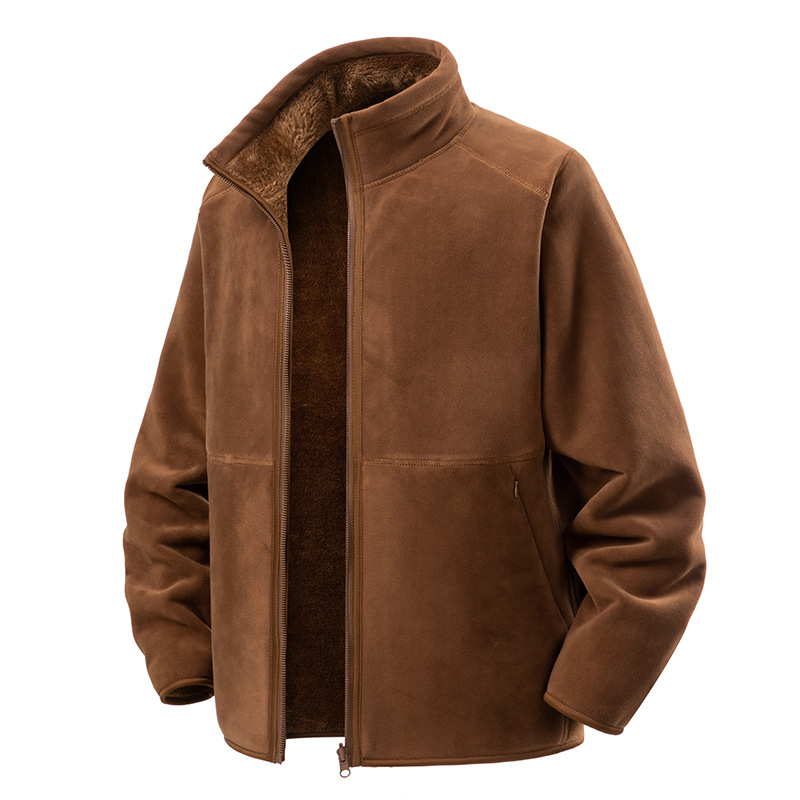 Jaket Penahan Angin Tebal Pria - Outdoor Sport Jacket Brand ulasan dan harga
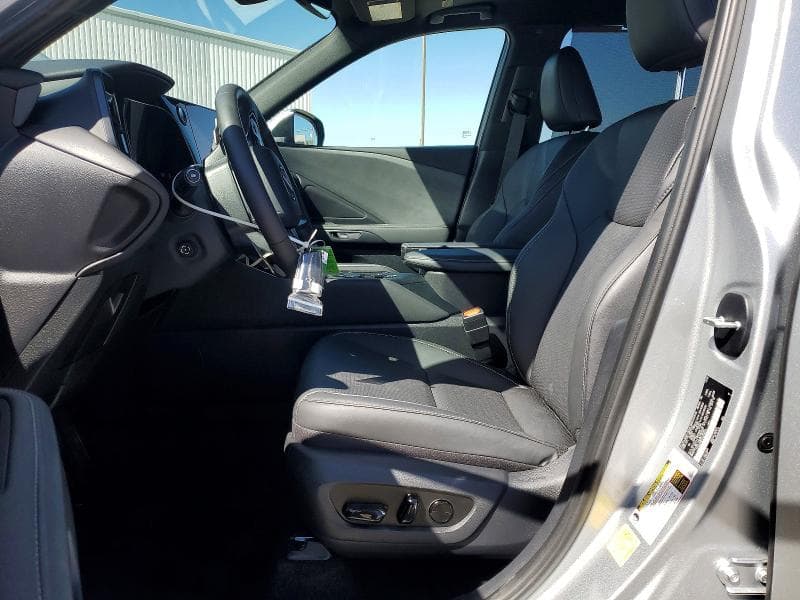 2026 LEXUS TX 350 PREMIUM 7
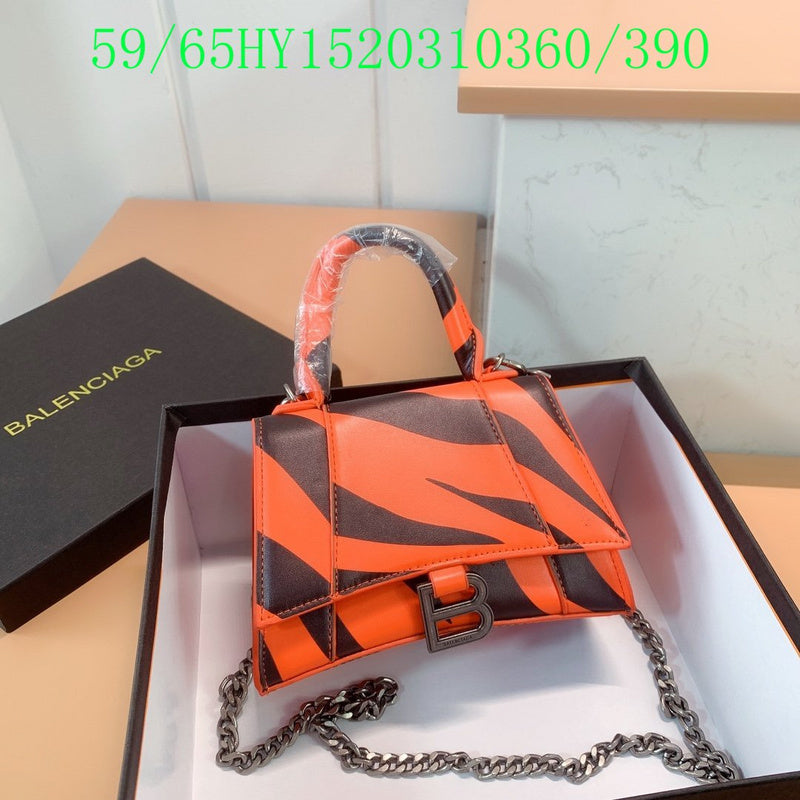LO - BGA Bags - 2375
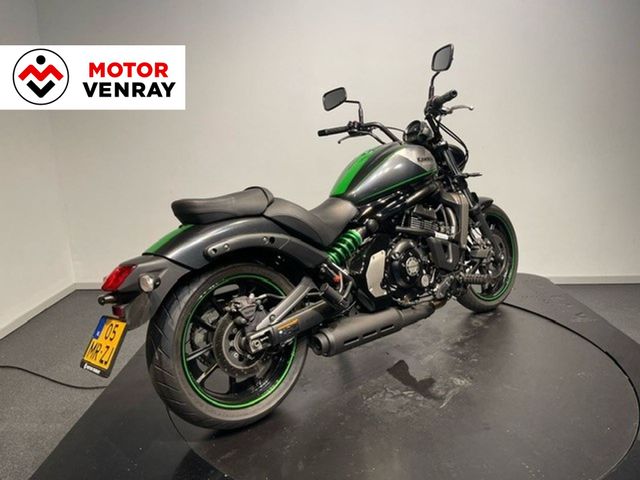kawasaki - vulcan-s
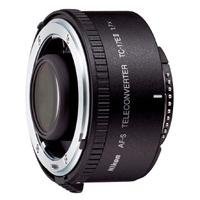 【中古】Nikon テレコンバーター AF-S TELECONVERTER TC-17E II フルサイズ対応 [並行輸入品]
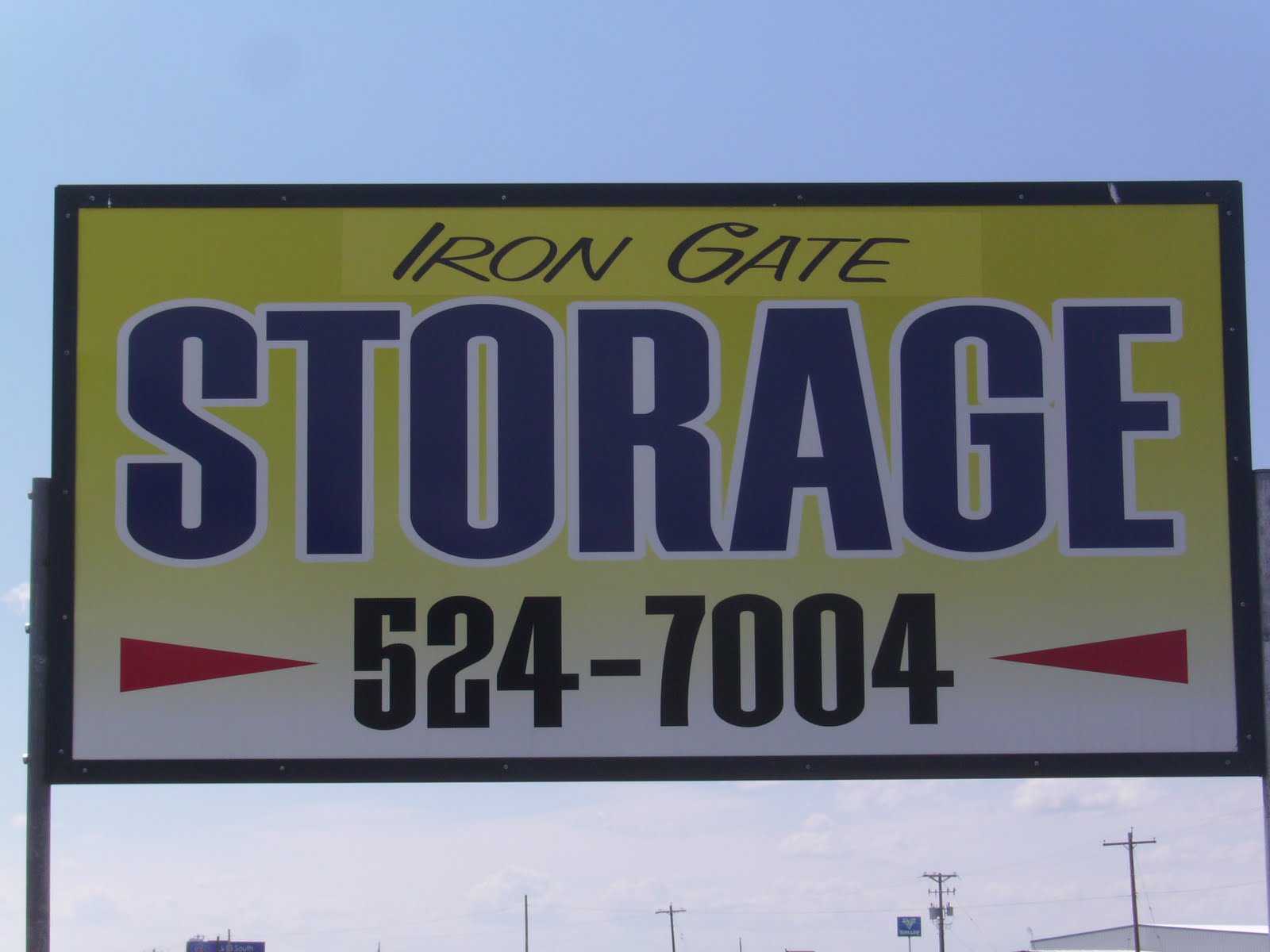 Idaho Falls ID Storage Self Gated Secure Storage Idaho Falls ID Self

○ ○ ○ ○

-- YOUR ASSIGNMENT --
Where the line containing "LO - BGA Bags - 2375" appears, begin copying there and continue exactly through the final line of the records; both end lines belong in the copy, pictures do not.

-- RESPONSE FOR THIS EXERCISE --
LO - BGA Bags - 2375
kawasaki - vulcan-s
 【中古】Nikon テレコンバーター AF-S TELECONVERTER TC-17E II フルサイズ対応 [並行輸入品]
 Idaho Falls ID Storage Self Gated Secure Storage Idaho Falls ID Self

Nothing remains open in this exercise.